クロフトンは、パルプ工場と埠頭を軸に回ってきた小さな町だ。彼が見つかったのは、その工場と埠頭のあいだに残された林の中だった。茂みに覆われて外からはほとんど見えない場所だが、すぐそばは停泊中の船の乗組員が町のバーへ行き来するのに使う抜け道でもあった。人が通る道の、手を伸ばせば届くほどの距離。それでも彼は、そこで14年間見つからなかった。

持ち物のなかでまず目を引くのが、ボルトアクション式の.22口径ライフルだろう。ただし当時のブリティッシュコロンビア州の田舎で、これは物騒な道具というより日用品に近い。実際、銃は一度も撃たれておらず、ケースに入っていた50発の弾丸もすべて所在が確認されている。
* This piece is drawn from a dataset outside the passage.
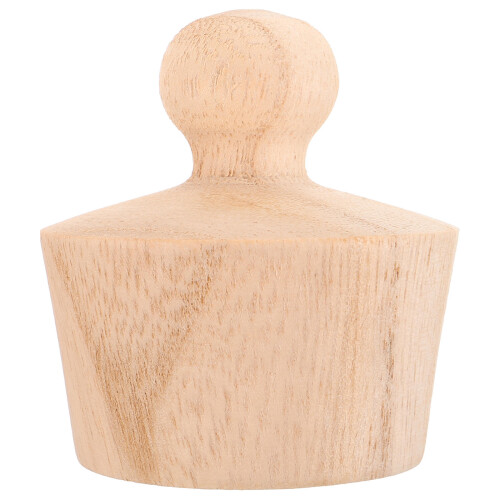 Small Wooden Corks Leakproof Stoppers for and Beer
※ ボルトアクション式.22口径ライフル:手動で弾を薬室に送り込む方式の、実包としては最小の部類に入る猟銃。カナダやアメリカの農村部では、畑を荒らす害獣の駆除やウサギ・ライチョウといった小物猟に広く使われてきた、軍用とはまったく無縁の道具。当時は町の雑貨店でも手に入るごく普通の品だった。

判明している事実

医者にかからなかった右脚の骨折
右脚は生前のどこかで折れており、脛骨と腓骨の両方が、正しい位置に戻されないまま癒着していた。医師が整復した形跡はない。結果として右脚は左よりわずかに短くなり、彼は誰が見ても分かるほど足を引きずって歩いていたはずだ。にもかかわらず、履いていたオックスフォードシューズには左右差を補う細工がされていなかった。骨折を放置したという事実も、足に合わない靴も、彼が医療にも自分用にあつらえた靴にも手が届かない立場だったことをうかがわせる——ただしこれは骨と靴から導かれる推測であって、記録に残っている事実ではない。

通常の歯科医の仕事ではない銀の詰め物
右上の歯が1本欠けており、残る上の歯には銀の詰め物が入っていた。頭蓋骨を調べた法歯学(歯から個人を特定する分野)の専門家は、その処置の質と遺体が見つかった土地柄から、この男性はいわゆる普通の歯科医院にはかかっていなかったのではないかと述べている。挙げられた可能性は、伐採キャンプ、船の上、あるいは軍隊にいた期間中の処置。いずれにせよ、街の診療所に通える暮らしではなかったという見立てである。

木の根が絞り込んだ死亡時期
当初、死亡時期は1950〜60年代というかなり幅のある推定だった。これを覆したのが、片方の足を包み込むように変形していた木の根である。環境科学の専門家がこの根を分析し、遺体はおよそ1968〜70年からそこにあったと結論づけた。さらに絞れば1970年の春。これを補強するのが、ある地元住民の証言だ。12歳のころ、あの林で毛布のかかった遺体とゴム長靴を見つけたことがある——ただし母親に信じてもらえず、通報されないまま終わったという。証言した時点で27歳、つまり記憶はおよそ1971年のものになる。

撃たれていない銃と、1時59分で止まった時計
死因は特定できていない。白骨化が進んでいたうえ、決め手になる痕跡も見つからなかった。ライフルは発射されておらず、弾も50発すべてが揃っている。左手首に着けられていたタイメックスの腕時計は、1時59分を指したまま止まっていた。ゼンマイ式だったのか電池式だったのかは記録に残っていない。洗面用具はいずれもカナダの会社の製品だった。

記録上は「白人」、鑑定では「メティス」
法医学的な分析からは、彼はメティスである可能性が高いとみられている。ところがカナダ王立騎馬警察の公式データベースでは、人種の欄はいまも「白人」のままだ。同じ登録には、鼈甲柄の眼鏡とそのケース、タイメックスの腕時計、カナダ帝国商業銀行の通帳カバー、土にまみれた洗面用具の写真が載っている。衣類として記載されているのは、黒と緑と灰のプラスチック製ベルト、ベージュのボタンダウンのコート、黒いズボン、ウールのニットセーター、緑のナイロン靴下。年齢は40〜65歳と、鑑定結果よりずっと広い幅で登録されている。復顔像も一度は作られたが、いまは公式のオンライン記録からは見られなくなっている。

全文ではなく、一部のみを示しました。